Se dunque il secondo dopoguerra è leggibile come una reazione al fascismo stesso, con una società italiana repubblicana che, almeno negli ideali e nelle fondamenta politiche, aborrisce qualsiasi ritorno al passato, oggi è possibile affermare che la parentesi fascista non è chiusa, o quantomeno essa tende periodicamente a riaprirsi. Nell'esultanza di Eugenio Maria Luppi, così come in altri episodi di questo tipo, c'è qualcosa di contemporaneamente anacronistico ma anche attuale.

Da un certo punto di vista viene infatti difficile concepire il fascismo come compatibile con la società post-contemporanea, figlia del liberalismo più sfrenato e promotrice della più totale autoaffermazione personale; d'altro canto anche la nostra contemporaneità è segnata da una crisi morale, dei valori e cosa ancora meno trascurabile, della fiducia verso le istituzioni politiche nate proprio al termine del secondo conflitto mondiale. Non è un caso infatti l'affermazione delle estreme destre e il rifiorire dei nazionalismi in diversi paesi europei, sulla base di un ritorno ad un glorioso passato foriero dei veri valori non ritrovabili nel presente.

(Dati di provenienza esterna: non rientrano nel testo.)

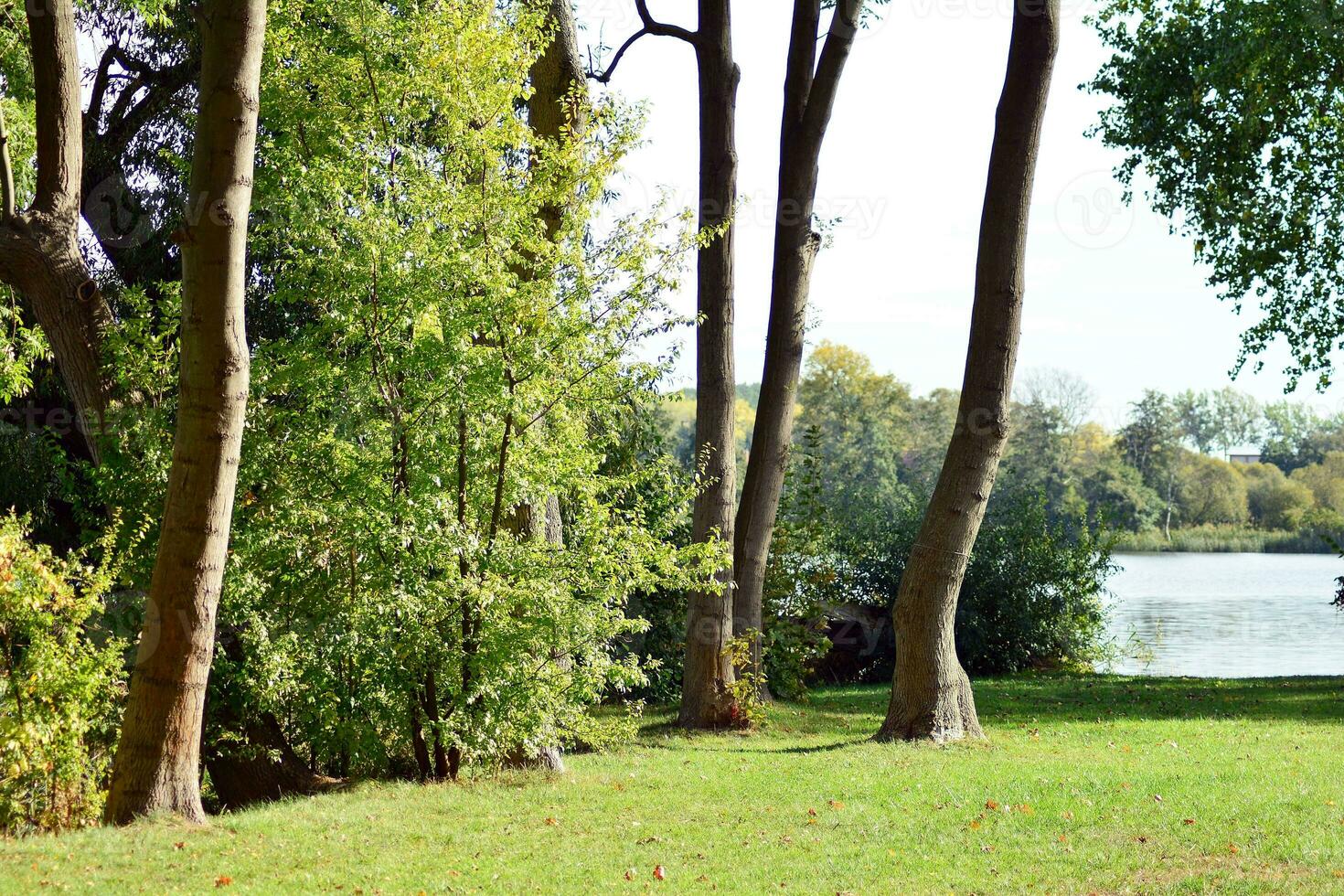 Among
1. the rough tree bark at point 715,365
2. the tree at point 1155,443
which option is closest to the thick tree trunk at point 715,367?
the rough tree bark at point 715,365

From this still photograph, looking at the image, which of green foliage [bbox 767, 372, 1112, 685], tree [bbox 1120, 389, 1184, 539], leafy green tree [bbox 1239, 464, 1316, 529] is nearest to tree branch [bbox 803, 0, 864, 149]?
green foliage [bbox 767, 372, 1112, 685]

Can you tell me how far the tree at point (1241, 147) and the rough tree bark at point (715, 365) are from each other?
24.1ft

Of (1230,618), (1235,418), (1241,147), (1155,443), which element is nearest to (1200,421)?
(1235,418)

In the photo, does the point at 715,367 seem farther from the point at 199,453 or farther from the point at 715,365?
the point at 199,453

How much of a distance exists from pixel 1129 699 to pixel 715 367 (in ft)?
20.7

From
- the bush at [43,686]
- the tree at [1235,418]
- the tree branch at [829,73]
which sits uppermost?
the tree at [1235,418]

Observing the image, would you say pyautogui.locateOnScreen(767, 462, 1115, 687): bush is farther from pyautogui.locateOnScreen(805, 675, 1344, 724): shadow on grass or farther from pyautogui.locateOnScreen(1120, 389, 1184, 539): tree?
pyautogui.locateOnScreen(1120, 389, 1184, 539): tree

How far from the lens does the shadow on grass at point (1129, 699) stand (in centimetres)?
1173

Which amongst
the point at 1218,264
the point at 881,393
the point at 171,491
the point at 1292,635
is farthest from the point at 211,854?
the point at 881,393

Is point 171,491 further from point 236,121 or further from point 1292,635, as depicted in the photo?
point 1292,635

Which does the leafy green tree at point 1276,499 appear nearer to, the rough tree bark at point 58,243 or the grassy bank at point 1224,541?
the grassy bank at point 1224,541

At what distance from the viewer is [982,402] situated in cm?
977

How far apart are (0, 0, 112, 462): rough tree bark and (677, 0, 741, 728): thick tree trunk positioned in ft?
18.0

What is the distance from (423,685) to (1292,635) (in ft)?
74.8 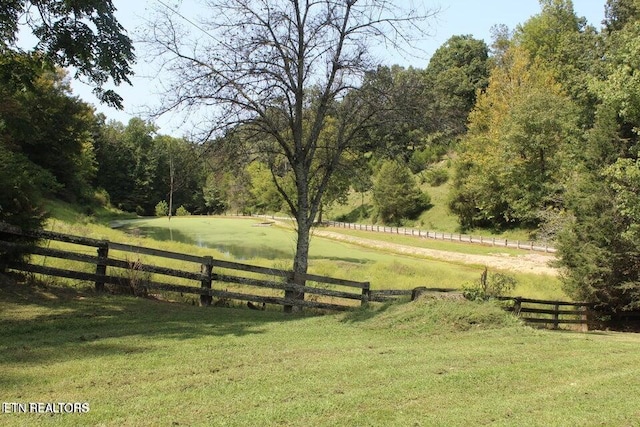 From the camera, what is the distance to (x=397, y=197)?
58125 millimetres

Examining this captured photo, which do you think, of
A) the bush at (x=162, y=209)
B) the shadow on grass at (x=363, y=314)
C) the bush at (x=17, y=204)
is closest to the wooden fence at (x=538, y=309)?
the shadow on grass at (x=363, y=314)

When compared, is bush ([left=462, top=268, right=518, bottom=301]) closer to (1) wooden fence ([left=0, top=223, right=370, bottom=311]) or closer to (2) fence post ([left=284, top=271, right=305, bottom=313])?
(1) wooden fence ([left=0, top=223, right=370, bottom=311])

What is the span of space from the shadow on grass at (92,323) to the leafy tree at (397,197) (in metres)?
47.5

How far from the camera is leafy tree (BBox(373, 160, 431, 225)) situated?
5678 cm

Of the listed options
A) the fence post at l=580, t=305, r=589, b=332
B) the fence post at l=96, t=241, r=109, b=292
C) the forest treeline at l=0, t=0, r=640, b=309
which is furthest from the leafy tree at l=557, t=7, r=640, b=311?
the fence post at l=96, t=241, r=109, b=292

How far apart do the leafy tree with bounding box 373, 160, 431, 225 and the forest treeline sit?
0.62 feet

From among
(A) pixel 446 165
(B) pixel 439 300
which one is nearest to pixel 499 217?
(A) pixel 446 165

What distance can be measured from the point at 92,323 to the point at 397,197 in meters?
52.1

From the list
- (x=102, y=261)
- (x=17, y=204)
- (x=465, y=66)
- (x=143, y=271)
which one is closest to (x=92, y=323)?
(x=102, y=261)

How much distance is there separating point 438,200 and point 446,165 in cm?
782

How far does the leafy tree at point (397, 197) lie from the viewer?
56.8 m

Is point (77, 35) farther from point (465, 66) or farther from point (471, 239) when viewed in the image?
point (465, 66)

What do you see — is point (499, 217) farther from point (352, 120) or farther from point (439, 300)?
point (439, 300)

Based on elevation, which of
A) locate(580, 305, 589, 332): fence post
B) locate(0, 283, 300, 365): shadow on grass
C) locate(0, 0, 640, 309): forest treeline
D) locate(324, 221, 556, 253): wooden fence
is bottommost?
locate(580, 305, 589, 332): fence post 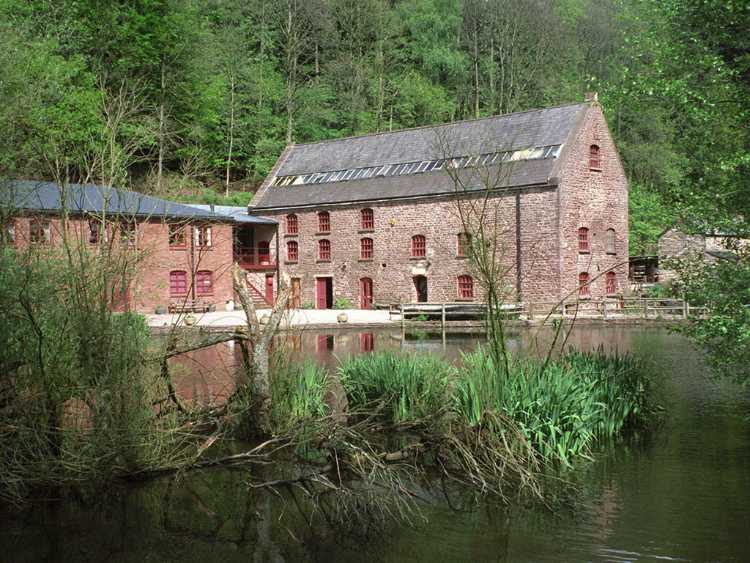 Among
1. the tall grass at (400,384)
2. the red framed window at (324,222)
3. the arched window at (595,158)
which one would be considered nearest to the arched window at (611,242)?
the arched window at (595,158)

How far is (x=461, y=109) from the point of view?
50.0 meters

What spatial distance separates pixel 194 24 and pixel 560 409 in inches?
1449

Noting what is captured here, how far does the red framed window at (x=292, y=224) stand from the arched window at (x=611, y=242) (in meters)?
13.9

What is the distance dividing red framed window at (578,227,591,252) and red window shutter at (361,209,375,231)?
8.78m

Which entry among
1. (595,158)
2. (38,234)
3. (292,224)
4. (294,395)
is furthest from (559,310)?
(38,234)

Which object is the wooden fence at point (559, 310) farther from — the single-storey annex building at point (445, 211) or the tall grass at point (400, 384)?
the tall grass at point (400, 384)

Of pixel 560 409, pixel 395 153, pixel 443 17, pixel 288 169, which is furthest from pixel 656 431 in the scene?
pixel 443 17

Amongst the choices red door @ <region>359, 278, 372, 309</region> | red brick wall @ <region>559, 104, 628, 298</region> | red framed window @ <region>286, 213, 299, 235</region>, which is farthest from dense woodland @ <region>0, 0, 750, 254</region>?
red door @ <region>359, 278, 372, 309</region>

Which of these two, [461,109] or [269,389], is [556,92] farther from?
[269,389]

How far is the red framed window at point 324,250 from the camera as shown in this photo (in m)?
33.2

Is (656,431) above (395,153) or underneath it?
underneath

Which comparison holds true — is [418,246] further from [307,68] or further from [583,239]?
[307,68]

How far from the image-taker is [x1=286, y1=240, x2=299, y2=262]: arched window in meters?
34.2

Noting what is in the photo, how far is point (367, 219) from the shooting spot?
105 feet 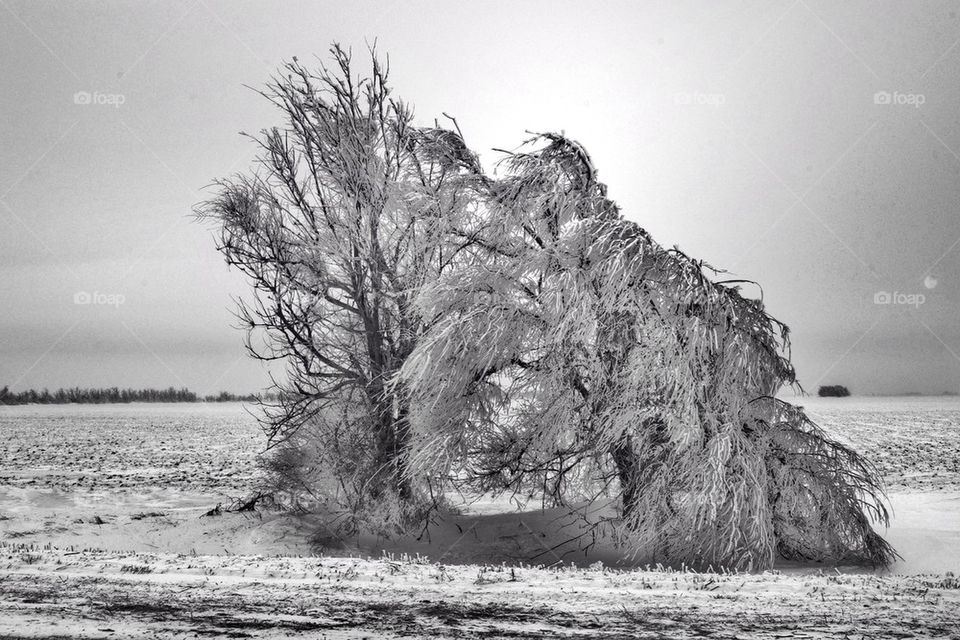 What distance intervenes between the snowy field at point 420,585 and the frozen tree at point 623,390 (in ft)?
3.00

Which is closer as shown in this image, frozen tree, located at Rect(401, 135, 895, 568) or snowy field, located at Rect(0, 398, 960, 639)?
snowy field, located at Rect(0, 398, 960, 639)

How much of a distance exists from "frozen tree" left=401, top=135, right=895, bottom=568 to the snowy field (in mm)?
913

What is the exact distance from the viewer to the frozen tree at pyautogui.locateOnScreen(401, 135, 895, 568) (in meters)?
9.55

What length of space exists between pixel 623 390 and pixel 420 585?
447 cm

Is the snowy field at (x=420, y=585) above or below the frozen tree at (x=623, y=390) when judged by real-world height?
below

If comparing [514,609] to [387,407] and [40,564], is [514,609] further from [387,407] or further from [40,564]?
[387,407]

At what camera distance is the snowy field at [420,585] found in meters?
5.29

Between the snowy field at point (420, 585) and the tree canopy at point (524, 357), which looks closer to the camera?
the snowy field at point (420, 585)

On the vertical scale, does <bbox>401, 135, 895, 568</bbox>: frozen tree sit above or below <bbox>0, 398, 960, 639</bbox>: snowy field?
above

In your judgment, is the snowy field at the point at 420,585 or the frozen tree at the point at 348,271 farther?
the frozen tree at the point at 348,271

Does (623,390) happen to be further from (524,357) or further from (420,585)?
(420,585)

Un acritico ritorno al passato: Nietzsche e la storia monumentale

Come il regime fascista in Italia costruì la propria identità sulla riattualizzazione decontestualizzata del sistema di valori dell'impero romano, così oggi la figura del Duce viene vista come simbolo di un ritorno all'ordine, depurando il fascismo stesso dai suoi risvolti negativi, e minimizzandone gli aspetti contraddittori. Non solo l'apologia fascista è un reato, ma finisce per essere un'operazione nostalgica priva di criticismo storico, guidata dalla pancia più che dalla testa; una mitizzazione del passato che non tiene conto dei criteri di attuazione dello stesso, come se fosse possibile riportare in auge un sistema di valori in un'epoca diversa da quella nella quale esso era precedentemente sorto.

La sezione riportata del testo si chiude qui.